African children diagnosed with HIV infection late in disease have a mortality rate often exceeding 20%, and there is an urgent need for novel strategies to improve their prognosis. Cytomegalovirus (CMV) infection, and plasma CMV viral load are risk factors for accelerated HIV progression. Additionally, CMV reactivation occurs in up to a third of critically ill non-immunosuppressed patients, and is associated with mortality. CMV viremia may contribute to poor outcomes in the critically ill through end organ disease, acute lung injury, augmented inflammatory responses, and immunomodulation. We propose to study CMV viremia in a cohort of children diagnosed with HIV infection while critically ill. Our aims are to determine the impact of CMV viremia on mortality and duration of hospitalization (Aim 1), response to antiretroviral therapy initiation (Aim 2), and Immune activation and inflammation (Aim 3). We hypothesize CMV viremia will affect ~50% of children and will be associated with mortality, impaired immunologic recovery post ART, and elevated immune activation and inflammation. Results will inform whether an interventional trial of CMV suppression in this population is warranted, and will inform trial study design. The study will be conducted using archived specimens and data from a cohort of 181 severely ill Kenyan children enrolled in the Pediatric Urgent Start of HAART (PUSH) Study. Children were diagnosed with HIV in hospital, started on antiretroviral therapy (ART), and followed longitudinally with serial plasma and PBMC specimens stored over 24 weeks. We will use quantitative PCR to assess CMV DNA levels and determine the prevalence and duration of CMV viremia. Multivariable regression models will be used to assess the relationship between CMV viremia and clinical outcome (mortality or continued hospitalization at 15 days), response to ART (change in HIV viral load, CD4 percent, and percentage of naïve T cells), and immunologic parameters (levels of plasma inflammatory markers and change in percentage of activated, senescent T cells) while controlling for HIV disease stage. By defining the relationships between CMV viremia, ART response inflammation, and mortality among severely ill HIV-infected children, our study may provide the rationale for a trial of CMV prophylaxis as a strategy to reduce the high mortality rate in this population. !
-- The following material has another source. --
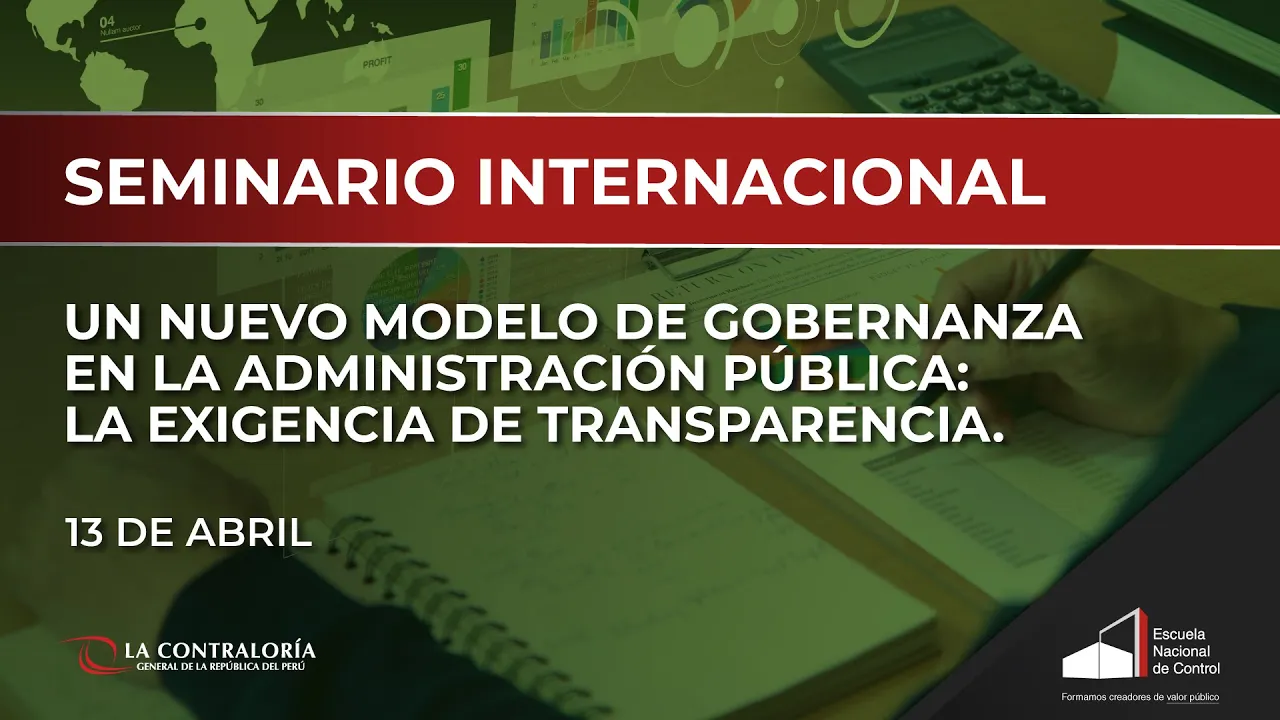 04. Un nuevo modelo de gobernanza en la Administración Pública: Exigencia de la Transp... - 13/04/21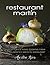 The Restaurant Martin Cookbook: Sophisticated Home Cooking From the Celebrated Santa Fe Restaurant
非洲儿童在疾病晚期被诊断出感染艾滋病毒，死亡率往往超过 20%， 迫切需要新的策略来改善巨细胞病毒（CMV）感染的预后。 血浆 CMV 病毒载量是加速 HIV 进展的危险因素。此外，还会发生 CMV 重新激活。 高达三分之一的非免疫抑制危重患者患有巨细胞病毒病毒血症，并且与死亡率相关。 可能会因终末器官疾病、急性肺损伤、增强 我们建议在一组儿童中研究 CMV 病毒血症。 在病情危重时被诊断出感染了 HIV，我们的目的是确定 CMV 病毒血症对患者的影响。 死亡率和住院时间（目标 1）、抗逆转录病毒治疗启动反应（目标 2）以及 免疫激活和炎症（目标 3）我们勇敢地面对 CMV 病毒血症将影响约 50% 的儿童。 与死亡率、ART 后免疫恢复受损以及免疫激活升高相关 结果将告知是否对该人群进行 CMV 抑制干预试验。 是有保证的，并将为试验研究设计提供信息。 该研究将使用来自 181 名重病肯尼亚人的存档标本和数据进行 参加儿科紧急启动 HAART (PUSH) 研究的儿童 儿童被诊断出感染艾滋病毒。 医院，开始抗逆转录病毒治疗 (ART)，并使用系列血浆和 PBMC 进行纵向随访 我们将使用定量 PCR 来评估 CMV DNA 水平并确定保存超过 24 周的样本。 多变量回归模型将用于评估 CMV 病毒血症的患病率和持续时间。 CMV 病毒血症与临床结果（死亡率或 15 天持续住院治疗）之间的关系， 对 ART 的反应（HIV 病毒载量、CD4 百分比和初始 T 细胞百分比的变化）和免疫学 参数（血浆炎症标志物水平和活化、衰老 T 细胞百分比的变化） 同时控制 HIV 疾病阶段 通过定义 CMV 病毒血症与 ART 之间的关系。 我们的研究可能会提供重病艾滋病毒感染儿童的炎症反应和死亡率 试验 CMV 预防作为降低该地区高死亡率的策略的理由 人口。 ！